26 April 2052 – Wembley looked like it was hosting a funeral instead of an FA Cup semi-final, and fittingly, Liverpool’s attacking spirit was the corpse. The Reds stumbled to a dismal 1-0 defeat against Chelsea, who now stumble undeservedly into yet another final, probably with some Tory donor waving a blue scarf in the posh seats.
Let’s not sugarcoat it – that was shite. Not just from Liverpool, but from the whole occasion. Chelsea had less of the ball, couldn’t string three passes together for most of the match, and yet they walk away with the win thanks to Johnny bloody Jenkins scuffing one into the corner in the 71st minute. A goal so mundane it barely woke the crowd from their corporate buffet-induced comas.

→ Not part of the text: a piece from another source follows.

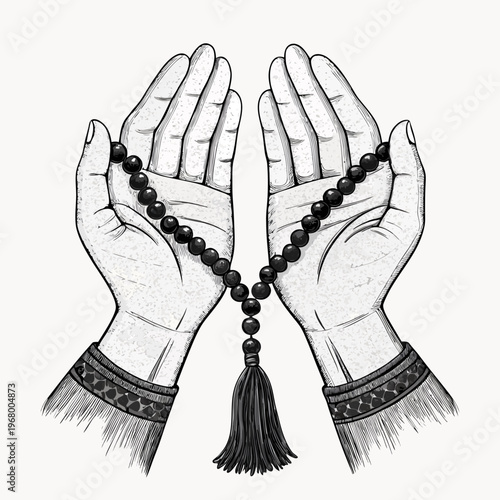 Hands in Prayer with TASBIH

Statistically, Liverpool dominated. 21 shots to Chelsea’s 6. Possession? 56 bloody percent. xG? 0.57 to their 2.03 – I don’t even want to know how that’s calculated anymore, probably by a hedge fund manager with a dartboard. The point is: we had the chances, they had the fluke.

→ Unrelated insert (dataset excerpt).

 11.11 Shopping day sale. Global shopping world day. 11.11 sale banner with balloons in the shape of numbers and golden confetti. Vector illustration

The only proper Red showing any bollocks was J. Stanisławski at the back, pulling a 7.0 performance out of the fire while the rest of them looked like they’d rather be at Salt Bae’s gaff than chasing another trip to Wembley. Vallejos tried to make things happen, but he was feeding on scraps. Dougie Agnew got booked, again – lad’s got more cards than a dodgy bookmaker in Birkenhead.
And the scran? Don’t get me started. Wembley’s culinary crimes were on full display – some sort of artisan vegan sausage roll that tasted like wet newspaper and regret. Not a bottle of salad cream in sight. What sort of hellscape is this country becoming?
So that’s it. Out of the cup. Another year, another semi-final heartbreak. Meanwhile Chelsea, the smug bastards, are off to the final, still dreaming of adding yet another FA Cup to their hoarded collection. That’s six in the last eight years. Greedy cunts.
As for Liverpool? Back to the league. Back to the grind. And back to hoping someone, anyone, finally puts a rocket up these players’ arses. Because nights like this? They’re not good enough. Not for this club. Not for this city.